CSE, CEO Rajeeva Bandaranaike said that the Delivery vs Payment system was an initial step with further plans to introduce a Central Counterparty System to allow for the creation of new and complex financial products. Bandaranaike was speaking recently at the 9th Capital Markets Conference organized by UTO EduConsult. The stock exchange is also allowing primary dealers to interface with the corporate debt market to create repurchase agreements on the asset class. Retail traders remain restricted from accessing the trading system of the corporate debt board through online portals.
Real Estate Investment Trusts are to be implemented within the year. Bandaranaike said, “Promoters are there and the tax concessions have been gazetted.” Over the long term, the market aims to create mortgage-backed securities as well.
Bandaranaike cited the exchange rate volatility and economic conditions as being a key driver of the market. He further added that capital markets could play a larger role in economic growth. He said, “Markets play a different role in different jurisdictions. Some markets play a pivotal role in attracting foreign investment. If you look at our market we have had our ups and downs. We have had our successes. Capital markets can play a role if they are used and harnessed effectively.”
Sri Lanka has been classified as a frontier market in the MSCI Market Classification. Bandaranaike said, “We belong in the frontier markets sector and we compete with Bangladesh and Vietnam for foreign funds.”
Pakistan might be downgraded to a frontier market soon. Bandaranaike showcased figures detailing how the foreign outflow trend began in 2018.

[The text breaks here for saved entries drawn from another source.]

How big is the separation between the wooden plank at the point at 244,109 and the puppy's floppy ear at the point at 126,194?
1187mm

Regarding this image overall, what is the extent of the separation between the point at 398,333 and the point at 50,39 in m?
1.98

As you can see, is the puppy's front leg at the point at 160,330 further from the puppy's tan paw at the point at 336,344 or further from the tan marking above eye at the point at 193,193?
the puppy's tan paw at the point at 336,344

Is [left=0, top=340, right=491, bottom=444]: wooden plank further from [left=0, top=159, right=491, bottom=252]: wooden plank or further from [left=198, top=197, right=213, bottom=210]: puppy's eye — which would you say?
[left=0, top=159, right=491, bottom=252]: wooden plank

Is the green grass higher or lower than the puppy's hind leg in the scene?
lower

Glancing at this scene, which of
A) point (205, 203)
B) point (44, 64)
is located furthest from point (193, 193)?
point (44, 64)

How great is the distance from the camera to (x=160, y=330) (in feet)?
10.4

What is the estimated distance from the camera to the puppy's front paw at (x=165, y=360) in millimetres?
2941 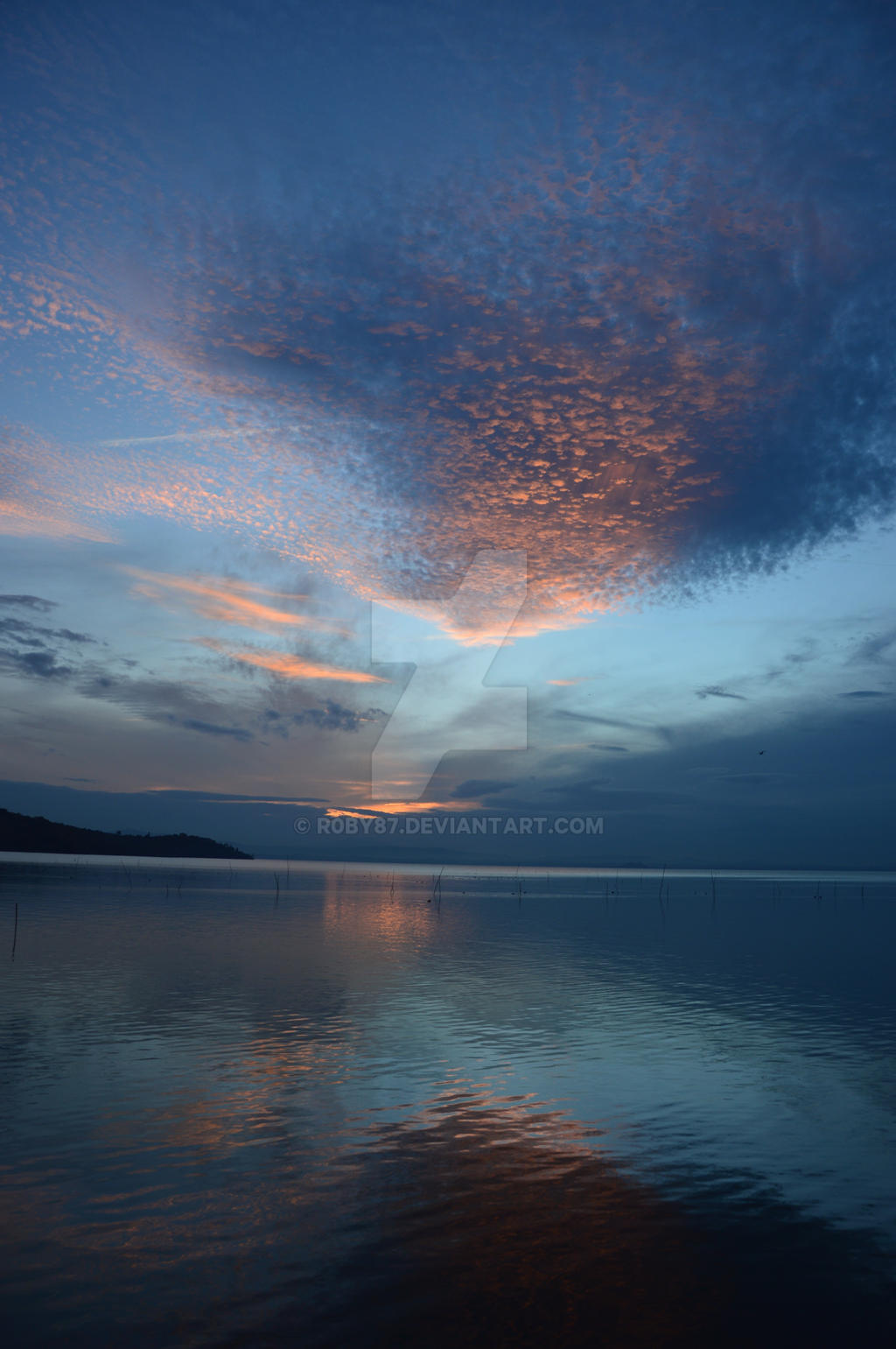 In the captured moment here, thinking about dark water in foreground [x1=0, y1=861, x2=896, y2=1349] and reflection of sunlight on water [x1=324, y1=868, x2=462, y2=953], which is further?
reflection of sunlight on water [x1=324, y1=868, x2=462, y2=953]

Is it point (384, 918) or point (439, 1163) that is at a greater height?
point (439, 1163)

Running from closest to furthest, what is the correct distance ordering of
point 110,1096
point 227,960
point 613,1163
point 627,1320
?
point 627,1320 → point 613,1163 → point 110,1096 → point 227,960

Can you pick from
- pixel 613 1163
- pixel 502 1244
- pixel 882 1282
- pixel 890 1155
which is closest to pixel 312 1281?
pixel 502 1244

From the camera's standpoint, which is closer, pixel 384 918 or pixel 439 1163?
pixel 439 1163

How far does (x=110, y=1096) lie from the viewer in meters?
21.1

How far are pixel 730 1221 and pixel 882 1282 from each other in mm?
2709

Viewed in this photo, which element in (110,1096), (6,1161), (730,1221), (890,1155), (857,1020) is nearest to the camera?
(730,1221)

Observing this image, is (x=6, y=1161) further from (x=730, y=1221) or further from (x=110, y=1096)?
(x=730, y=1221)

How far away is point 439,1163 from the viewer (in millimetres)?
17297

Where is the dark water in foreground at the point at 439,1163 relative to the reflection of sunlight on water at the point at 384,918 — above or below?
above

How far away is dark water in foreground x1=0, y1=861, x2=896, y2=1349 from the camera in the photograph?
11852 millimetres

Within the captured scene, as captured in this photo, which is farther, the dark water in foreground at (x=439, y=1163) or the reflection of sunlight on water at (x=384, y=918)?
the reflection of sunlight on water at (x=384, y=918)

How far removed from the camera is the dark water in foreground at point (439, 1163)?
1185 cm

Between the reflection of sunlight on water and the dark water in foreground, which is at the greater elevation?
the dark water in foreground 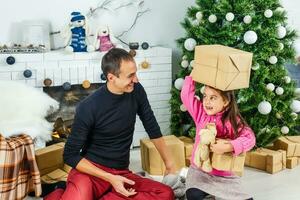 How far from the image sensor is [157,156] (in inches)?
99.4

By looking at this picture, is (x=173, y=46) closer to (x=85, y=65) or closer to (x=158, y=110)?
(x=158, y=110)

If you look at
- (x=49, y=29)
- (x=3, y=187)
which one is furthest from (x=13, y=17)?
(x=3, y=187)

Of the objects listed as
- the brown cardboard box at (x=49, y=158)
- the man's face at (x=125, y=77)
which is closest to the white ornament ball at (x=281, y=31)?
the man's face at (x=125, y=77)

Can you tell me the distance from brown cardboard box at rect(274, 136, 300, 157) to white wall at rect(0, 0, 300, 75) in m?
1.02

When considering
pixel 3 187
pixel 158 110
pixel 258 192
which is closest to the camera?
pixel 3 187

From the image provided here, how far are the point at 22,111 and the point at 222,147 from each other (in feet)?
3.14

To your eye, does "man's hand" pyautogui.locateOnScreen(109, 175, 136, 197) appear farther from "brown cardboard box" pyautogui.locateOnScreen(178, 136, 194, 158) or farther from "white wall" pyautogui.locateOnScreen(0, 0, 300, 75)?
"white wall" pyautogui.locateOnScreen(0, 0, 300, 75)

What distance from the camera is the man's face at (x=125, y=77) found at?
1.85 metres

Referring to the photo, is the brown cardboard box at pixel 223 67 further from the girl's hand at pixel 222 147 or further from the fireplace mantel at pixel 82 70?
the fireplace mantel at pixel 82 70

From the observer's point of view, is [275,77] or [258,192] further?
[275,77]

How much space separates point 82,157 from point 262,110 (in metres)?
1.26

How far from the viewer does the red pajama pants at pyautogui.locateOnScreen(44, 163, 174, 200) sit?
1.84 m

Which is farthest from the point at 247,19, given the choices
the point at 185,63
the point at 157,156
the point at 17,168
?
the point at 17,168

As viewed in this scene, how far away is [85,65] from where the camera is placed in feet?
9.31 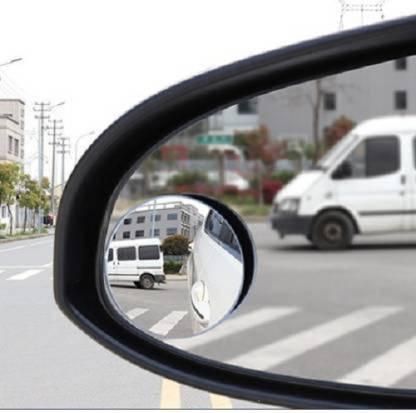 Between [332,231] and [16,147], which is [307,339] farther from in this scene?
[16,147]

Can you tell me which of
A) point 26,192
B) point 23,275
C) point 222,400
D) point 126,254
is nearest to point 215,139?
point 126,254

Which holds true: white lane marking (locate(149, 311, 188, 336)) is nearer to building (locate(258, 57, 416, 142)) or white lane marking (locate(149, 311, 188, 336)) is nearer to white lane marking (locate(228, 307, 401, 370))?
white lane marking (locate(228, 307, 401, 370))

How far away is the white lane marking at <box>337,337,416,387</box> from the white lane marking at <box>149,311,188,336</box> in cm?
12

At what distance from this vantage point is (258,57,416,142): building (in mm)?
377

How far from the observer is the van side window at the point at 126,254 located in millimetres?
522

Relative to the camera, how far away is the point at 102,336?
0.58 metres

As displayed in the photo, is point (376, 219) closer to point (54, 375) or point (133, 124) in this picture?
point (133, 124)

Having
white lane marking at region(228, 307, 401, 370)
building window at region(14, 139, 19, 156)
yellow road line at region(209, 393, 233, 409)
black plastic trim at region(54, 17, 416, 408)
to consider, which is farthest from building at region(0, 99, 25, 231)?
white lane marking at region(228, 307, 401, 370)

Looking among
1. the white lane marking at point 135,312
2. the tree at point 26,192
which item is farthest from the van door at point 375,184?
the tree at point 26,192

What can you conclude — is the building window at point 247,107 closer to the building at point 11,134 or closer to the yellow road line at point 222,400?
the yellow road line at point 222,400

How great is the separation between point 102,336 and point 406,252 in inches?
11.0

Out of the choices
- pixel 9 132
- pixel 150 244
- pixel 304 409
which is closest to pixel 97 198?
pixel 150 244

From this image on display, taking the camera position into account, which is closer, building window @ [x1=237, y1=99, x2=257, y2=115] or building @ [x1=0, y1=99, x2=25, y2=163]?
building window @ [x1=237, y1=99, x2=257, y2=115]

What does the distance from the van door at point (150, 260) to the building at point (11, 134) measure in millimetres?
2082
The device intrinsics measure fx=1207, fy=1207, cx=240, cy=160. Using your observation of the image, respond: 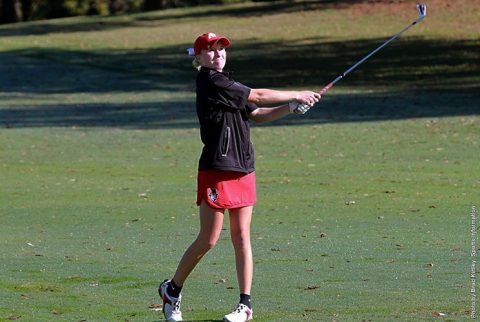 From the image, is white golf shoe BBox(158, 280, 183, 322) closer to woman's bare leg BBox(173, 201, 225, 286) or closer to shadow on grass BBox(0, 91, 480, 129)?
woman's bare leg BBox(173, 201, 225, 286)

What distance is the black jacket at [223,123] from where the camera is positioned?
7613 mm

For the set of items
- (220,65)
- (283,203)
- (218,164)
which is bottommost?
(283,203)

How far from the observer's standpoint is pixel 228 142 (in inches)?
300

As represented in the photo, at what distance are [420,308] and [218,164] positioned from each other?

The major economies in the Asian region are classified as Emerging Markets. On Sri Lanka’s inability to be classified as an Emerging Market Bandaranaike said, “It is better to be a big fish in a small pond than a small fish in a big pond. If you look at Emerging Markets in Asia you have to compete with Thailand, Taiwan, Malaysia etc. Our place is good enough because it is where we can compete for foreign funds.”
Stock Exchanges are classified as Capital Market Infrastructure Providers. Sri Lanka makes up 3 of the 250 Globally recognized Capital Market Infrastructure Providers. Of the 47,919 listed companies globally, Sri Lanka makes up 285 off that total. Sri Lanka’s market cap makes up US$ 18 billion of the global market of US$ 109 trillion.
Bandaranaike noted the massive involvement of the Central Bank in driving recent increases in turnover on the stock exchange. He said, “We have seen a considerable increase in liquidity. Turnover volatility has doubled between 2019 and 2020 and almost doubled again in between 2020 and 2021.”
He further added, “We have the potential for pension reforms with money that can come to long term investments. We have a low-interest-rate environment and low valuations which makes us attractive from a regional perspective.”